Sculpting the disk around T Cha: an interferometric view

TL;DR

This study combines interferometric data and radiative transfer modeling to characterize the structure of the transition disk around T Cha, revealing a narrow inner disk, an outer disk starting at 12 AU, and complex scattering effects.

Contribution

The paper provides a detailed interferometric analysis of T Cha's disk, highlighting the impact of dust scattering on observations and constraining the disk's geometry and potential planet-induced gaps.

Findings

Inner disk is narrow, 0.07-0.11 AU, with dust near sublimation temperature.

Outer disk begins at about 12 AU and shows asymmetries likely due to dust scattering.

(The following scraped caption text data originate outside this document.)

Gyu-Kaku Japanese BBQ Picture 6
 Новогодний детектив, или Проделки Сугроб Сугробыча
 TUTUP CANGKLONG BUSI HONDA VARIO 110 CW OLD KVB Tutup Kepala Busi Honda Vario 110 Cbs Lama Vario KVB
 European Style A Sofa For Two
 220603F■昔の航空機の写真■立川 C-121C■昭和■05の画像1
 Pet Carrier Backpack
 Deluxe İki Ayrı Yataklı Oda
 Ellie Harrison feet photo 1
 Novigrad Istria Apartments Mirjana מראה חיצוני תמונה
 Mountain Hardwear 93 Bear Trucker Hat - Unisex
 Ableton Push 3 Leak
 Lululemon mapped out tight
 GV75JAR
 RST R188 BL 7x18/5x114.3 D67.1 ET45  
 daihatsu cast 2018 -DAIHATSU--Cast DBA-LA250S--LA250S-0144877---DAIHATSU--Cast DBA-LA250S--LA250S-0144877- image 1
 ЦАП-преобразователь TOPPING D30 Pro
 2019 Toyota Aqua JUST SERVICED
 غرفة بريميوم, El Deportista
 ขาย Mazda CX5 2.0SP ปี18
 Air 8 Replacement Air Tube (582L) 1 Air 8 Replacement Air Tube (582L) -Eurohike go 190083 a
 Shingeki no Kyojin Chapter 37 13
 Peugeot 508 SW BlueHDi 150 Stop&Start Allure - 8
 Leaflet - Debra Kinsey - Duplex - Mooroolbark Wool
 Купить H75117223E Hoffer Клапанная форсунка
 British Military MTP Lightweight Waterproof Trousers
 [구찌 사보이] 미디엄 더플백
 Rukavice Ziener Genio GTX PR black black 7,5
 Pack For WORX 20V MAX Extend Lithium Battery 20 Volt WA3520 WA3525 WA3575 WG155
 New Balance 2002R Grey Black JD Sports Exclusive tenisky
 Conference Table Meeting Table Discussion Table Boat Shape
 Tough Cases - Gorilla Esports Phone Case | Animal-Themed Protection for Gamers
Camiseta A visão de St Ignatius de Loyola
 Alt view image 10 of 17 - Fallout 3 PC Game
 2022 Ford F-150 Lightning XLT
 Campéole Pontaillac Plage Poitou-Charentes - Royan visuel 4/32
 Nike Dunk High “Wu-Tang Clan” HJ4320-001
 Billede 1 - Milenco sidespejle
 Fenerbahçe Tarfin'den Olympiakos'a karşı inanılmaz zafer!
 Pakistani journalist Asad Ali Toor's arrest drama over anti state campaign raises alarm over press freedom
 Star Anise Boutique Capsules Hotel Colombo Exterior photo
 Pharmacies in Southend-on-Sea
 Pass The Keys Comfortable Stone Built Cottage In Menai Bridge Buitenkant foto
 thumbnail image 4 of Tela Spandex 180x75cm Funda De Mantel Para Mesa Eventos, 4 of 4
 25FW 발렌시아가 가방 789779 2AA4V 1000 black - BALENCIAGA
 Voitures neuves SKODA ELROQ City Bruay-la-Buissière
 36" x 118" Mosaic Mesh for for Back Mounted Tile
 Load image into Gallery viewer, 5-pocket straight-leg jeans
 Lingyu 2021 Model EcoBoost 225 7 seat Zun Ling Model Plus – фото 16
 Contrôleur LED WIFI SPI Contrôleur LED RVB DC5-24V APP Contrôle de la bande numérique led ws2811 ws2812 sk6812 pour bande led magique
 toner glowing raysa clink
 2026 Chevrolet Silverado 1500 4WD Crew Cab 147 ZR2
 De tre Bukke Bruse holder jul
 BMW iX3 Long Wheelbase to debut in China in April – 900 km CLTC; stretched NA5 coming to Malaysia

Disk asymmetries complicate the detection of potential companions within the gap.

Abstract

(Abridged) Circumstellar disks are believed to be the birthplace of planets and are expected to dissipate on a timescale of a few Myr. The processes responsible for the removal of the dust and gas will strongly modify the radial distribution of the dust and consequently the SED. In particular, a young planet will open a gap, resulting in an inner disk dominating the near-IR emission and an outer disk emitting mostly in the far-IR. We analyze a full set of data (including VLTI/Pionier, VLTI/Midi, and VLT/NaCo/Sam) to constrain the structure of the transition disk around TCha. We used the Mcfost radiative transfer code to simultaneously model the SED and the interferometric observations. We find that the dust responsible for the emission in excess in the near-IR must have a narrow temperature distribution with a maximum close to the silicate sublimation temperature. This translates into a narrow inner dusty disk (0.07-0.11 AU). We find that the outer disk starts at about 12 AU and is partially resolved by the Pionier, Sam, and Midi instruments. We show that the Sam closure phases, interpreted as the signature of a candidate companion, may actually trace the asymmetry generated by forward scattering by dust grains in the upper layers of the outer disk. These observations help constrain the inclination and position angle of the outer disk. The presence of matter inside the gap is difficult to assess with present-day observations. Our model suggests the outer disk contaminates the interferometric signature of any potential companion that could be responsible for the gap opening, and such a companion still has to be unambiguously detected. We stress the difficulty to observe point sources in bright massive disks, and the consequent need to account for disk asymmetries (e.g. anisotropic scattering) in model-dependent search for companions.